When I was seventeen, I found one of my uncle’s acoustic guitars under a bed in my grandparents’ house in Pittsburgh. A dusty old Sigma in a case with a retro bright green plush interior – very 60’s, very Austin Powers, very cool, and seemed a likely candidate for storing, in decades past, something else in addition to picks and strings….. Anyway, I decided then and there that I just had to have it, even though I had never so much as held a guitar in my life. There was just something about its being left in the dark for so many years, its secret potential hidden in those strings, its probable sadness at being mislaid, forgotten. It HAD to make music again, and I was determined to be the one to do it. Here it was! Like a long-lost friend I hadn’t even known I was missing. Here was the answer; at last, the vehicle for my pent-up thoughts, musings, griefs, ponderings, loves, losses. Everything in me would enter the world through this lonely little instrument that would accompany me on my journey. We would help each other.

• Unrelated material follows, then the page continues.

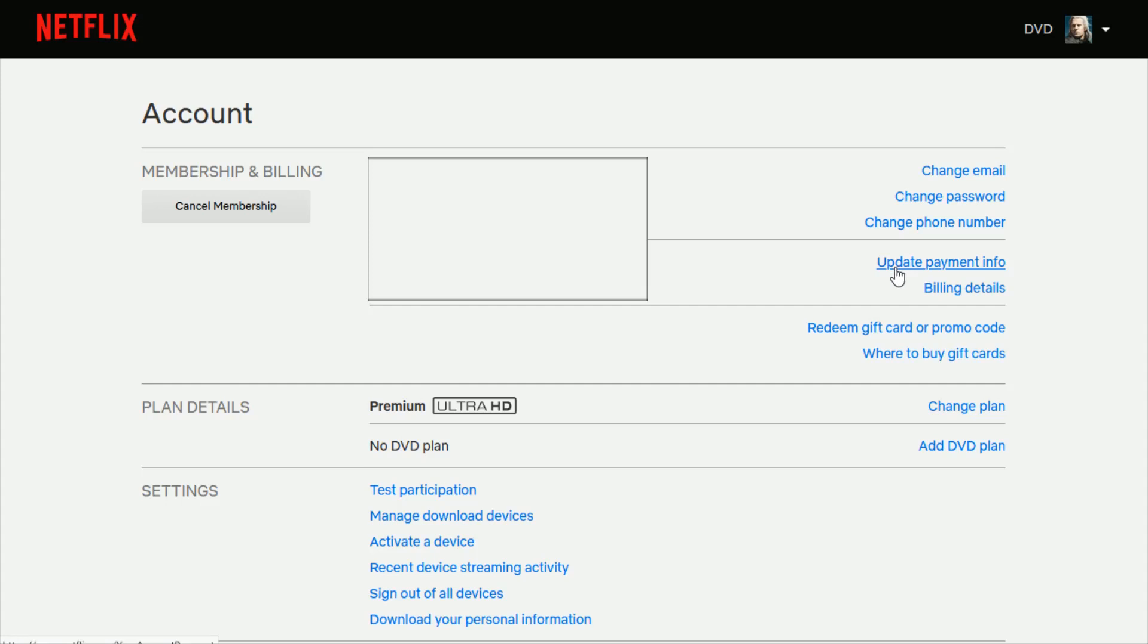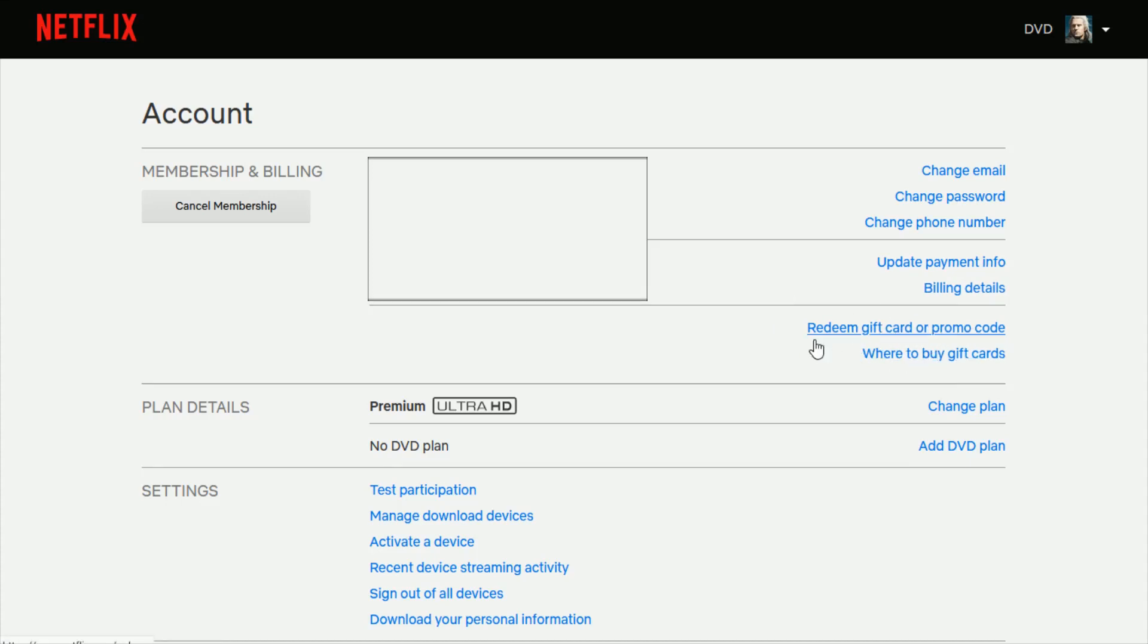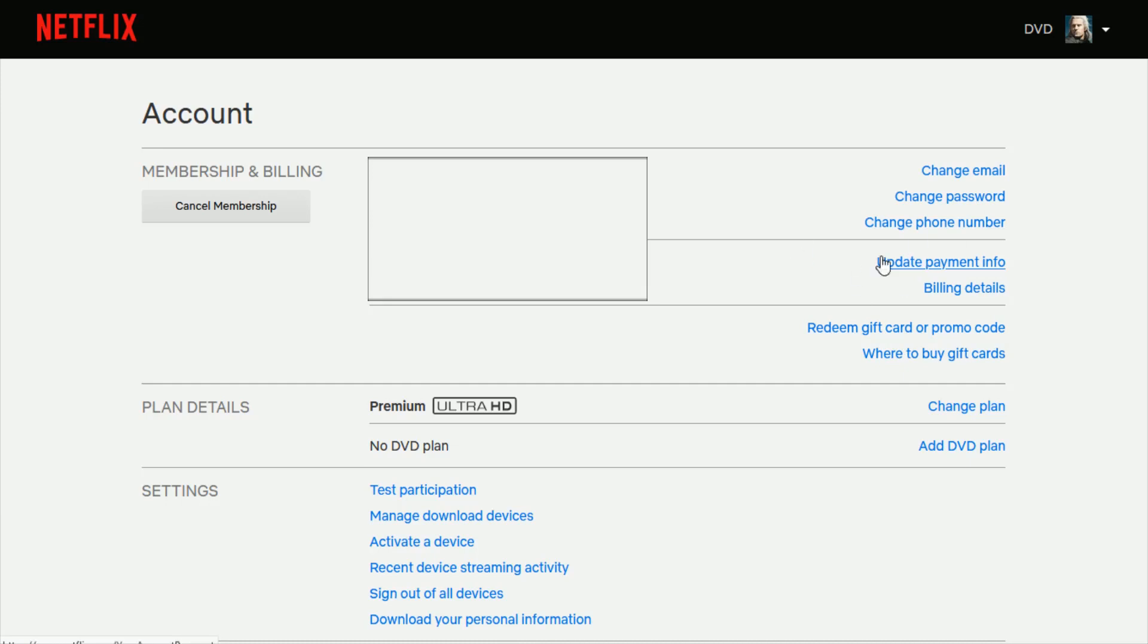If you have a payment option that's expired, for instance, you're going to want to update your payment info. Or like I said, if you had redeemed a gift card or a promo code, which you can also do on this page on your Netflix account, in your account page, and you want to set up a different payment option, again, you're going to be able to do that right in this area.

Fast forward one year, and I had done what I set out to do: I wrote my first song. Then I promptly forgot it, no doubt because my perfectionist personality deemed it mediocre at best. But it was a start! I have never been one to get discouraged, and I kept trying, kept writing, kept searching for inspiration (which, incidentally, is there in every breath, every whisper, every time you set foot outside your door), and now, nine years later (ok, do the math, how old am I??) I’ve amassed quite a collection of original songs. Sometimes they are a long time coming and require re-write upon re-write, and other times they pour out of me like water off a cliff, finished nearly as quickly as they began. The point of this petite histoire is that you never know when and where you will find your vehicle, your medium, the thing that makes you jump up and yell, “Yes! THIS is what I cannot live without!” For me, when I had found the words and the music and put them together, I was completely hooked.

So as I finished organizing my desk drawers and under-bed boxes, I folded up the old poems and put them back where I found them. How silly they seem now, how inconsequential, the work of a child, when at the time I wrote them they were extraordinary, super-human even! It makes me wonder if in twenty years or so I will look back on what I’m writing now and think “Well that’s nice. Cute. Good try.” Maybe. Maybe not.